The reality is according to a post on X from a person who broke the news about her condition before the media did so apparently has some sort of inside information Kate has known she has cancer since January and started chemo after the surgery. She most likely did that at the hospital since it might be traumatizing for the younger children to do it at home and she didn't want to travel back and forth every day.

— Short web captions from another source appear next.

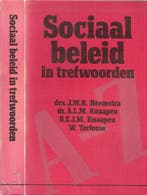 Sociaal beleid in trefwoorden / Monografieen sociaal beleid, Boeken, Economie, Management en Marketing, Verzenden, Gelezen, J.M.R. Heemstra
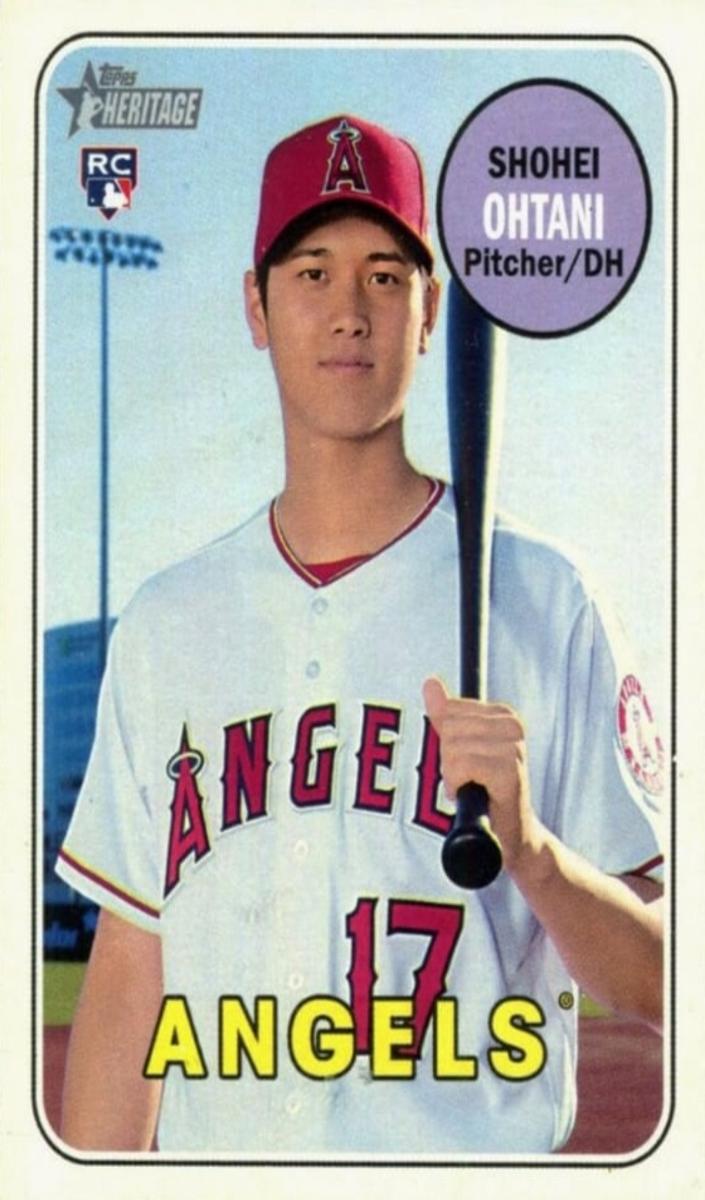 2018 Topps Topps Heritage #600 Shohei Ohtani front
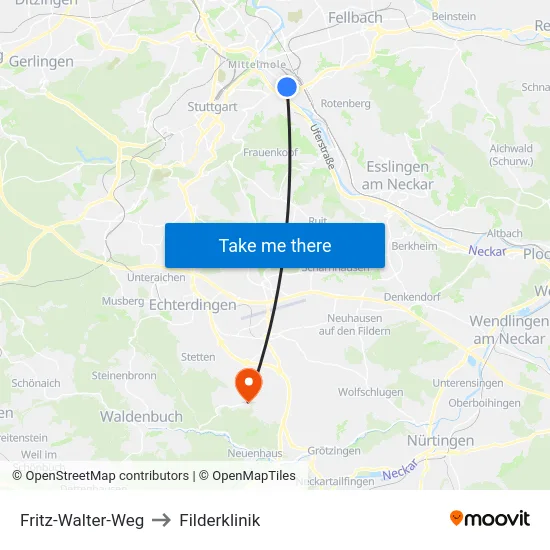Fritz-Walter-Weg to Filderklinik map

Kate didn't want to admit to the public she had cancer. In the initial statement they denied it was cancer. They had to admit it yesterday because unfortunately people got access to her records and it was being shopped around to media publications so she had no choice. According to "sources close to Kate" who spoke to US and People (they're not tabloids and usually have legit sources) she didn't want to tell even people close to her and decided to keep it private. She had no plans to tell the public that they knew about. Unfortunately Kate was being unrealistic. One of the most famous women in the world can't hide for several months without generating conspiracy theories. Kate has photoshopped pictures before. I don't know why so many people think it was Palace officials who forced her to photoshop the mother's day picture. It doesn't take much physical exertion to use photoshop. I believe she did and she apologized for it. She couldn't blame other employees when they didn't have anything to do with it. Nobody "forced her to take the blame" for the picture.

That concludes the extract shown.